Far from minimum: The quadratic model is poor → Newton step may go uphill
Hessian not PD: At a saddle point, $H$ has negative eigenvalues → step goes wrong way
Hessian computation: Need exact second derivatives — expensive or unavailable

Solutions: Line search along Newton direction, or trust region (see §5).

4. Quasi-Newton Methods (BFGS, L-BFGS)

Idea

Approximate the Hessian $H_k$ (or its inverse $B_k = H_k^{-1}$) using only gradient information.

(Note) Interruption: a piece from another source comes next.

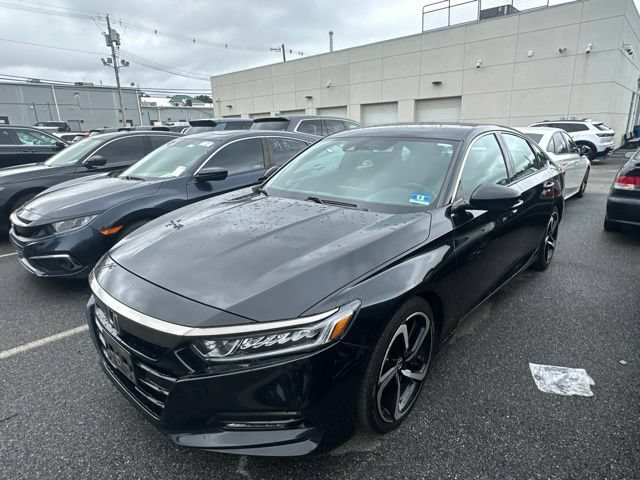 Used 2018 Honda Accord Sport image 2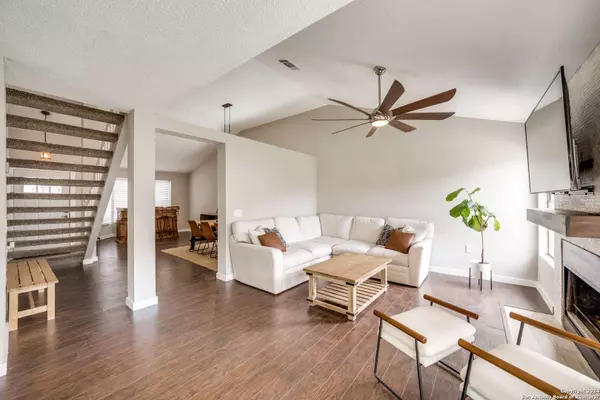 310 HORNBEAN LN, Cibolo, TX 78108-3147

No second derivatives needed.

BFGS Update

Given step $s_k = x_{k+1} - x_k$ and gradient change $y_k = g_{k+1} - g_k$:

$$B_{k+1} = \left(I - \frac{s_k y_k^T}{y_k^T s_k}\right) B_k \left(I - \frac{y_k s_k^T}{y_k^T s_k}\right) + \frac{s_k s_k^T}{y_k^T s_k}$$

Maintains positive definiteness automatically
Converges superlinearly (faster than linear, slower than quadratic)
Per-step cost: $O(n^2)$ — better than $O(n^3)$ for Newton

L-BFGS (Limited-Memory BFGS)

For large $n$: don't store the full $n \times n$ matrix $B_k$. Instead, store the last $m$ pairs $(s_k, y_k)$ (typically $m = 5$–$20$) and compute $B_k g_k$ on the fly.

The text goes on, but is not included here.